→ **ACTIVITY**
Where the listing below has a line containing "Watch - VICTORINOX", output that line and all lines after it, verbatim, and no others.

=======

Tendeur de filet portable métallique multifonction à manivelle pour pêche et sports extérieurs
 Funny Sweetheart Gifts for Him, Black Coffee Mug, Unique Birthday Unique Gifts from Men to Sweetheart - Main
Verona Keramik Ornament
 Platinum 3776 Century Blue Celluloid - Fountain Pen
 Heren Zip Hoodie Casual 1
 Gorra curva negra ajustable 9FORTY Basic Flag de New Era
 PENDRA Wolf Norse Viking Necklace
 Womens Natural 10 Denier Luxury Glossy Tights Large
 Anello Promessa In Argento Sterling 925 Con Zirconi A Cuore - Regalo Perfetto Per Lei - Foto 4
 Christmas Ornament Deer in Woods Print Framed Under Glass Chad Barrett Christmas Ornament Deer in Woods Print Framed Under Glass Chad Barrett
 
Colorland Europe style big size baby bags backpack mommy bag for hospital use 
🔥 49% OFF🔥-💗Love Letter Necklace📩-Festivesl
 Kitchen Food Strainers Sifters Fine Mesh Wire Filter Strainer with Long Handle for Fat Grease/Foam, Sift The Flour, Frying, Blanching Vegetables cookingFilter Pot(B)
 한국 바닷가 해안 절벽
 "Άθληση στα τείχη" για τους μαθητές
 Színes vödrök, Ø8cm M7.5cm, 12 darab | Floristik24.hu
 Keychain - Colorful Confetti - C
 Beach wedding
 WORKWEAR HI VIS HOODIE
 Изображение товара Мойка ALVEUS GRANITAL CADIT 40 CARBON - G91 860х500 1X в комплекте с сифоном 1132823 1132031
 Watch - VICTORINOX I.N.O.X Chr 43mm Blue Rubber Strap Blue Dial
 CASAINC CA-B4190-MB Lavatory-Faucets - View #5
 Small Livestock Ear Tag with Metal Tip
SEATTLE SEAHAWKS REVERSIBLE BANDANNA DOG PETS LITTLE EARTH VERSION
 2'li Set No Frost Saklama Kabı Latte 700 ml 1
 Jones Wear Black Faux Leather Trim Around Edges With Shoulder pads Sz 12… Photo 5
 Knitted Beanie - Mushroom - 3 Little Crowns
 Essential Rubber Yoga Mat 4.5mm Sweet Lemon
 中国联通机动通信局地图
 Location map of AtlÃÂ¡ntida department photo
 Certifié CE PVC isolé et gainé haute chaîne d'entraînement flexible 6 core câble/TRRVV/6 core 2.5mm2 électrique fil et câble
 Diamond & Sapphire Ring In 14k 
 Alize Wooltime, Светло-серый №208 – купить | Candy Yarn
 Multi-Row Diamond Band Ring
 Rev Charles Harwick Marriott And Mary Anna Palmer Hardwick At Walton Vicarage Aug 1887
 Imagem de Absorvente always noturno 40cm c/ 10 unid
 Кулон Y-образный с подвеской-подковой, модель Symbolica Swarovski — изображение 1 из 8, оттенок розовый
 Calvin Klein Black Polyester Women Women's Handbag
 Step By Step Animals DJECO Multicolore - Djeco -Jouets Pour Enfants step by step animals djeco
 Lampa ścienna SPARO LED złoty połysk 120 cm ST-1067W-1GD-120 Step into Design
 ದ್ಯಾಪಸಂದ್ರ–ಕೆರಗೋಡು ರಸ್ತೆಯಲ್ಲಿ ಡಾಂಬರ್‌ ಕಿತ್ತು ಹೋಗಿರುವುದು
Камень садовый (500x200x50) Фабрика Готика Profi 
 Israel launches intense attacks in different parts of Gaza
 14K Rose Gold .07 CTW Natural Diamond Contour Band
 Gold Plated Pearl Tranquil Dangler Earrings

=======

→ **YOUR SOLUTION**
 Watch - VICTORINOX I.N.O.X Chr 43mm Blue Rubber Strap Blue Dial
 CASAINC CA-B4190-MB Lavatory-Faucets - View #5
 Small Livestock Ear Tag with Metal Tip
SEATTLE SEAHAWKS REVERSIBLE BANDANNA DOG PETS LITTLE EARTH VERSION
 2'li Set No Frost Saklama Kabı Latte 700 ml 1
 Jones Wear Black Faux Leather Trim Around Edges With Shoulder pads Sz 12… Photo 5
 Knitted Beanie - Mushroom - 3 Little Crowns
 Essential Rubber Yoga Mat 4.5mm Sweet Lemon
 中国联通机动通信局地图
 Location map of AtlÃÂ¡ntida department photo
 Certifié CE PVC isolé et gainé haute chaîne d'entraînement flexible 6 core câble/TRRVV/6 core 2.5mm2 électrique fil et câble
 Diamond & Sapphire Ring In 14k 
 Alize Wooltime, Светло-серый №208 – купить | Candy Yarn
 Multi-Row Diamond Band Ring
 Rev Charles Harwick Marriott And Mary Anna Palmer Hardwick At Walton Vicarage Aug 1887
 Imagem de Absorvente always noturno 40cm c/ 10 unid
 Кулон Y-образный с подвеской-подковой, модель Symbolica Swarovski — изображение 1 из 8, оттенок розовый
 Calvin Klein Black Polyester Women Women's Handbag
 Step By Step Animals DJECO Multicolore - Djeco -Jouets Pour Enfants step by step animals djeco
 Lampa ścienna SPARO LED złoty połysk 120 cm ST-1067W-1GD-120 Step into Design
 ದ್ಯಾಪಸಂದ್ರ–ಕೆರಗೋಡು ರಸ್ತೆಯಲ್ಲಿ ಡಾಂಬರ್‌ ಕಿತ್ತು ಹೋಗಿರುವುದು
Камень садовый (500x200x50) Фабрика Готика Profi 
 Israel launches intense attacks in different parts of Gaza
 14K Rose Gold .07 CTW Natural Diamond Contour Band
 Gold Plated Pearl Tranquil Dangler Earrings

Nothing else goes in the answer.